Guides to Programming Languages & Related Topics



Personal Home Page (PHP)

Started as a personal web project by Rusmus Lerdorf in 1994. The original acronym PHP stood for Personal Home Page. At the time web programmers used either C or Perl. Finding Perl too slow, and C to cumbersome to create web pages, Lerdorf wanted to provide means to generate web pages easily by separating the web content (HTML, styles) from the programming code. He designed PHP as a scripting language specifically to generate dynamic web pages.

Scripting inside the web page

PHP permitted web developers to add to thier HTML web pages PHP scripting which was processed via the web server. Typically the PHP interpreter is integrated as a web server module. The PHP code generates new (or dynamic) web content to the web page which is then sent to the browser. Incidentally, the web page you are reading now was generated by PHP. Writing PHP was easier for web developers, some of whom had little or no exposure to programming.

A PHP scenario

A user enters their name and password onto the web page, then clicks on the Login button. Clicking the button actions a request sent across the internet to the web site. At the site, the web server handles all web traffic. It has PHP linked to it, so if the server finds any PHP scripting in the web page it calls the PHP module to process it. PHP makes a authenticated user request to the database (mySQL, SQL Server, Oracle etc). The database searches for the login name and associated password exist and match each other. PHP receives the response from the database, and either outputs the login page or sends the login page with a message to try again. Any web output from PHP is sent via the web server.

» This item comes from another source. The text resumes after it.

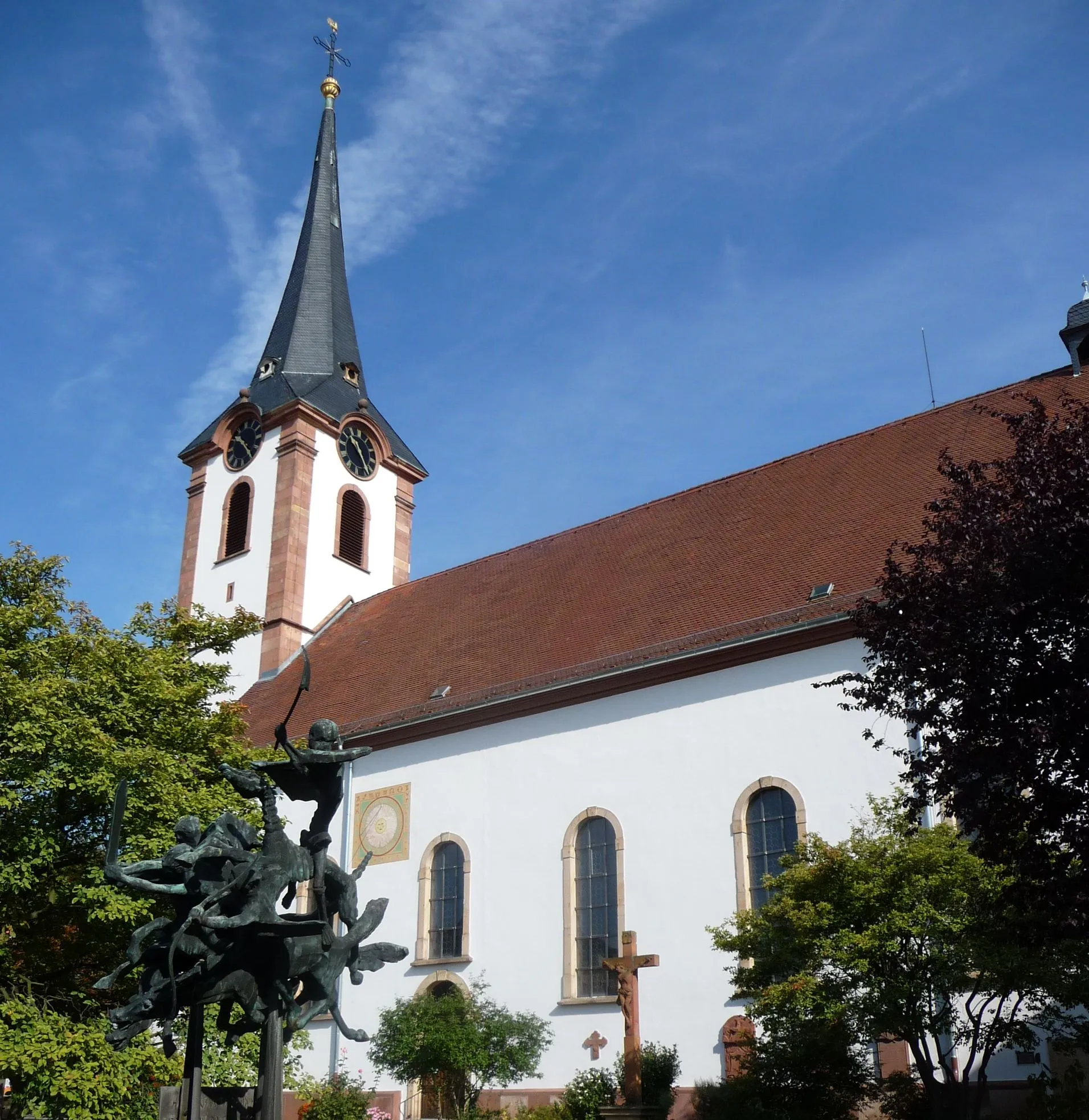 Image of Rheinhessen-Pfalz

LAMP is an acronym for Linux, Apache, MySQL and PHP. All this software are open source products which work well together for web development. The combination is attractive as no license fees required to use open-source software. The 'P' in LAMP can sometimes stand for Perl or Python.

Programmer support

PHP is familiar to C and Perl programmers. PHP itself is written in C. PHP has good library support, with particular emphasis on web related functions (database, web services, ftp, email). PHP (now on version 5) has evolved over time, now has additional programming features such as object orientation, and improved performance.